Puisque la chance sourit aux audacieux, Mooky s’envolait trois semaines plus tard pour Montréal où elle allait commencer les répétitions pour le spectacle Varekai, une aventure qui allait durer quatre années.

« À l’époque, je suis partie en tournée avec ma copine et ses deux garçons. Les enfants faisaient l’école dans une caravane avec deux profs. Ma copine enseignait l’anglais car il y avait des enfants de toutes les langues, aussi pour les femmes des acrobates. C’était tout un village, on faisait tout ensemble, c’était une vie très spéciale, on tournait dans les plus grandes villes des États-Unis et du Canada. »

Un art humain 

Après le Cirque du Soleil, Mooky Cornish a connu une riche carrière en Europe où elle a approfondi ses réflexions : si l’art clownesque est polyvalent, il est avant tout humain, proche des gens et de leurs cultures.

« Le public est différent partout, dans chaque pays, il faut ajuster les numéros. Le seul endroit où je peux jouer comme j’aime, c’est en Angleterre, à Londres. Ils adorent la comédie. En général, en Europe, les gens sortent beaucoup et il y a une longue tradition de cirque », observe-t-elle.

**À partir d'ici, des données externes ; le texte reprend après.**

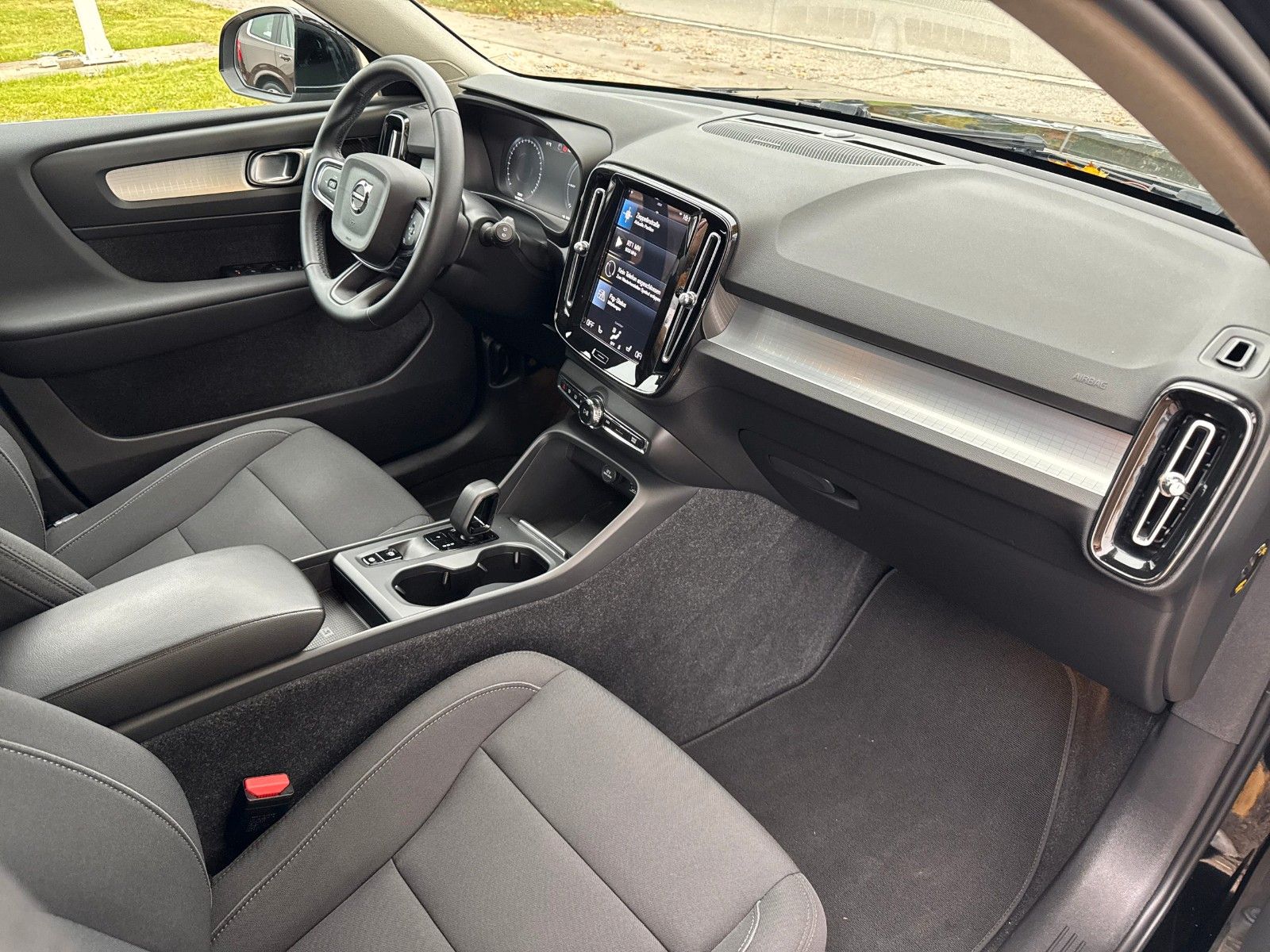 Fahrzeugabbildung Volvo XC 40 Core Recharge Plug-In, TEMPOMAT , AHK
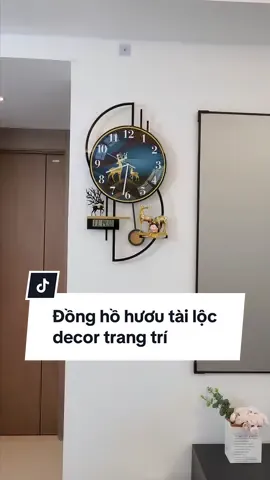 Đồng hồ hươu tài lộc decor trang trí phòng khách#muataitiktokshop #thuhaifreeship #wwwmindecor #xuhuongtiktok #donghotreotuong 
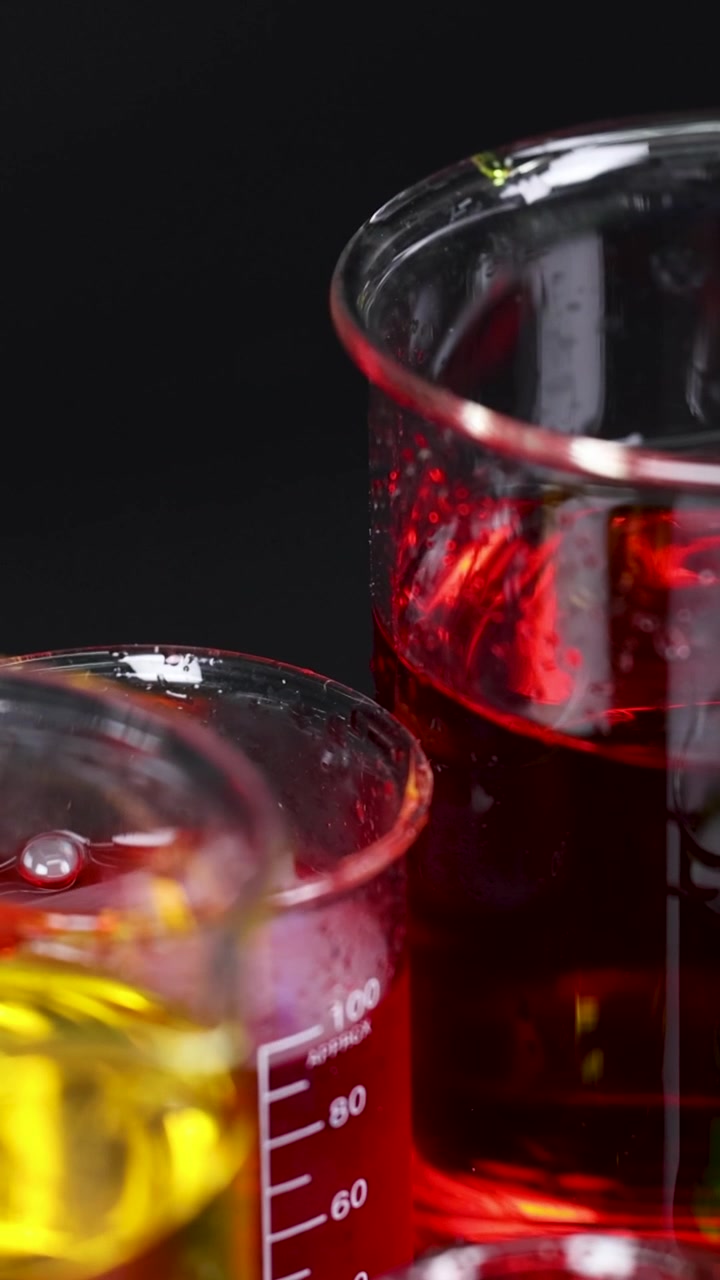 Becher con liquidi colorati e reazione di fumo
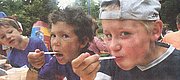 Vincent und Till mussten beim Wettbewerb um die Nudel-Hoheiten Marlene(5) und Florian(11) den Vortritt lassen. Beim Nudelessen der Bürgerstiftung für Ferienpass-Kinder schlemmten sie gestern aber in der ersten Reihe: Montag-Catering hatte zwölf Kilo Nudeln gekocht.
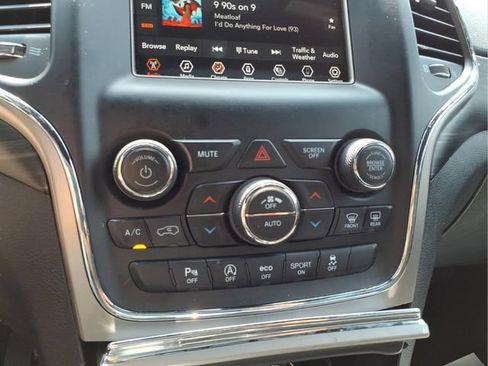Used 2021 Jeep Grand Cherokee Laredo AWD/4WD image 19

Cet art millénaire n’a pas dit son dernier mot et la clown n’entend pas retirer son nez rouge de sitôt, allant jusqu’à « prêcher pour son chapiteau ». « C’est un art vivant qui évolue tout le temps ! Il y a beaucoup d’intérêt chez les jeunes, surtout pour le théâtre de variété et le fringe, qui relève du théâtre d’avant-garde. Les clowns ont aussi une fonction humanitaire et humaniste très importante, dans les hôpitaux par exemple. On peut faire tellement de choses et on s’amuse beaucoup ! »

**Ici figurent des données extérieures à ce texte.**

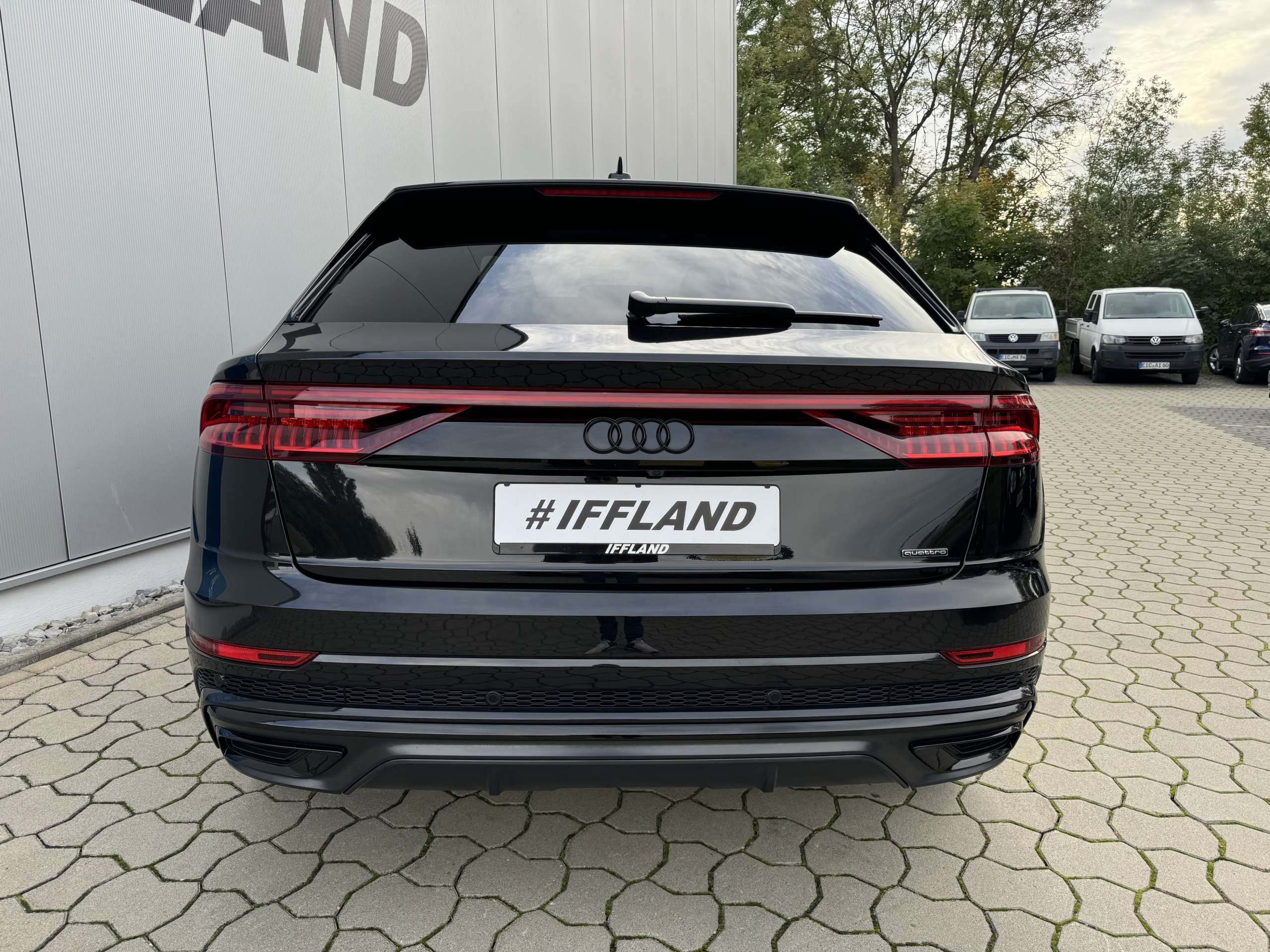 Audi - Q8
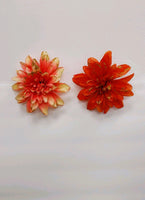 
              6.5" Dahlia Clip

Même si la pandémie a ralenti le rythme, les ardeurs, elles, sont toujours aussi vives. Histoire d’évoluer avec son temps, Mooky planche sur une série de vidéos mettant en vedette son personnage fétiche, la clown Gloria, qui aspire à devenir célèbre. Un mélange d’humour et de parodie sur fond de commentaire social, preuve que les clowns ne font pas seulement rire, mais aussi réfléchir.